DANCING TO AN ANCIENT BEAT - For four million years, albatrosses have returned to Midway Atoll every November to perform their mating rituals
National Wildlife, Oct-Nov, 2000 by Tim Friend
AT FIVE A.M., Midway Atoll is quiet, cold and damp with the start of the winter rainy season. The wind blows harshly across the dark lagoon, lashing mist and sea salt against the land, 1,200 miles northwest of the island of Hawaii.
The atoll's three tiny islands have been eerily devoid of their roughly one million Laysan and black-footed albatross residents since early August, when the last of the seabirds took off at the end of their eight-month breeding season. For the past four months, the mature adults and the new generation of juveniles have been journeying without touching land throughout the northern Pacific. Resting in groups on the ocean surface and gorging themselves on squid and flying fish, they have grown fat and ready for another season.
By 6:15, the first morning light shows on the horizon, and bird calls break the silence as the migrants start arriving at this remote region of the Hawaiian archipelago. In the air, they are the epitomy of grace. But as they alight, the birds tumble and roll in the signature landings that earned them the nickname "gooney birds." One after another, they shake themselves off and begin searching the ground for the tiny piece of nesting real estate that is home base. The albatrosses' annual November invasion of Midway has begun.
For the past century, humans have battled wildlife for space in an attempt to transform 2,000-acre Midway from a sandy spit of scrubby vegetation into a strategic outpost suitable for their own occupation. In 1905, Midway was settled as a way station for laying telegraph cable across the Pacific. Ironwood trees were imported. Lawns were sown. In the 1930s, the site became a respite for travelers on Pan American's Trans-Pacific Flying Clipper Seaplane. A hotel and piers for cargo ships were built.
By 1940, Midway had evolved into a strategic U.S. naval base. Aircraft runways were paved on the two largest islands, Sand and Eastern. The ground was dug up for underground fuel storage tanks, and one end of Sand Island became a dump for hazardous chemicals. Collisions between albatrosses and military aircraft brought about the U.S. Navy's "bird abatement program," which destroyed more than 54,000 adult albatrosses between 1954 and 1964.
Then, six years ago, after a half century of habitat alteration, the Navy pulled out. The federal government spent $90 million tearing down most of the old buildings, cleaning up the leaking fuel tanks and removing contaminated soil. Midway was named a national wildlife refuge. Military uniforms were replaced with those of the U.S. Fish and Wildlife Service, and the human population was reduced from thousands at its peak in the 1960s to 150 residents today. The result has been good news for a range of wildlife, including 90 species of migrant birds (the Laysan albatrosses alone comprise the world's largest breeding colony of the species), green sea turtles and endangered Hawaiian monk seals.
Except for an unexplained decline among both Laysan and black-footed albatrosses on Midway over the past four years, the overall trend in the species' populations is inching skyward. One theory suggests that a growing appetite among humans for squid taken from the North Pacific could be depleting the main food source for the Laysan species. But scientists are waiting to see how many albatrosses return this year before sounding any alarms.
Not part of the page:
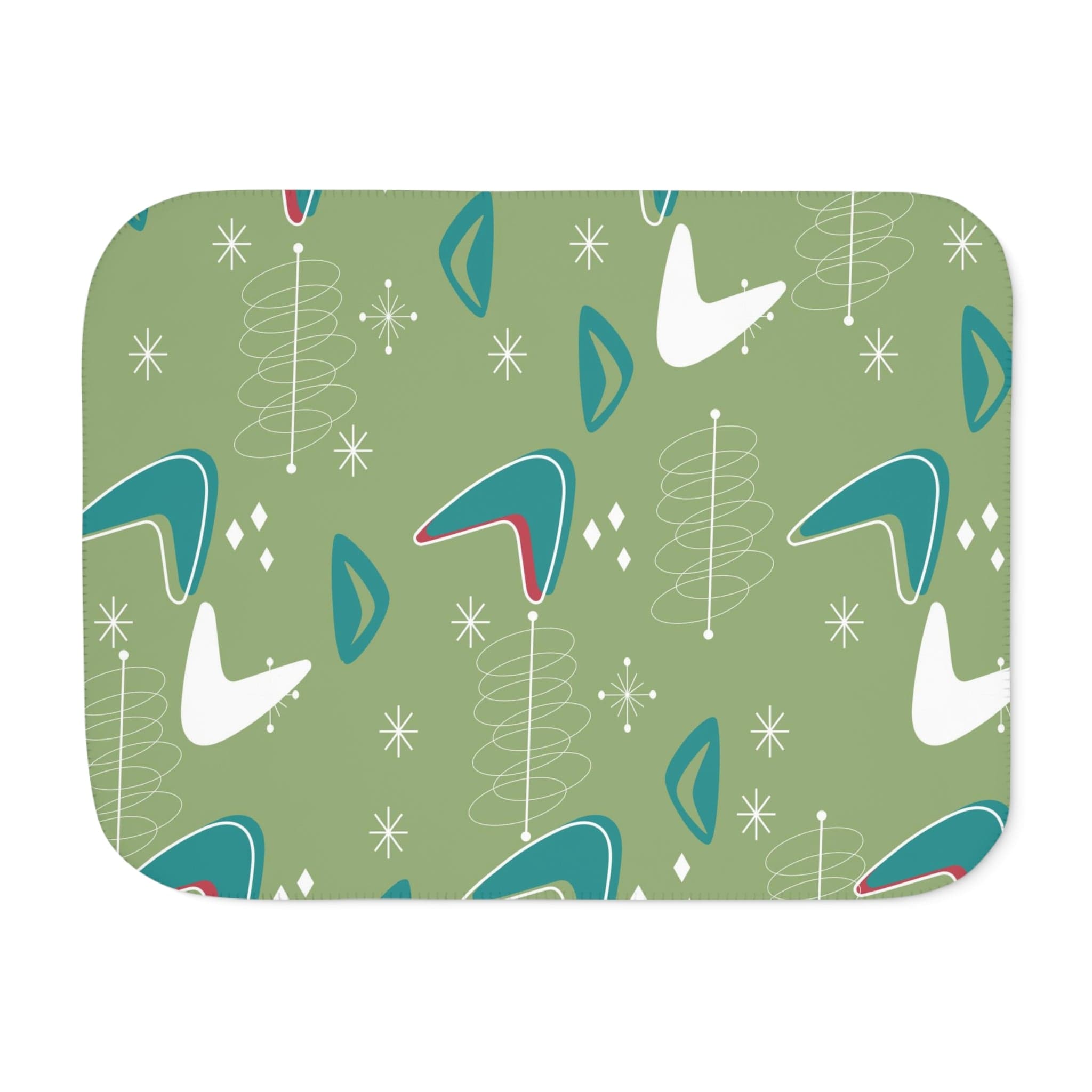 Mid Century Modern Cosmic Designs, Green, Teal, White Boomerang MCM Sherpa Blanket Home Decor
"At first we thought the decline might have been due to El Ni-o, which could have affected food sources for a lot of different species," says ornithologist Peter Pyle of the nonprofit Oceanic Society in San Francisco, which studies the albatross and operates conservation programs with the U.S. Fish and Wildlife Service. "But we will have to wait and see what happens this year," he adds. "Meanwhile, everything is looking pretty positive."
The U.S. Fish and Wildlife Service has been working over the past six years to restore habitat and continue studies of albatross behavior and other wildlife begun in the 1960s. Ironwood trees, which served as terrific windbreaks for humans, deprive albatross chicks of breezes needed to regulate their body temperatures. The trees have been eliminated from Eastern Island. Invasive plants called Verbesina produce beautiful golden crowns but elevate humidity and create sweltering conditions for the ground-dwelling birds. Guests are invited to uproot the plants at every opportunity. Native naupaka shrubs, which provide the best habitat for albatrosses as well as red-tailed tropicbirds, are being restored.
"Since the Navy left, the tide seems to be turning back in favor of the albatross," says former refuge manager Rob Shallenberger. "You can truly see the resiliency of nature at work." And once again this year they are renewing the cycle of life-courting, mating, nesting, hatching and fledging-that has repeated itself on the isolated atoll for at least three million years.
Male albatrosses return to Midway before females to claim and defend their territories. The birds normally nest within three feet of the spot they occupied the year before. They will continue returning to the same nesting site for life. Interlopers are warned with a sharp clap of the bill not to enter a defender's space. Fights sometimes break out with males biting each other and engaging in tugs-of-war. Their angry vocalizations need no interpretation.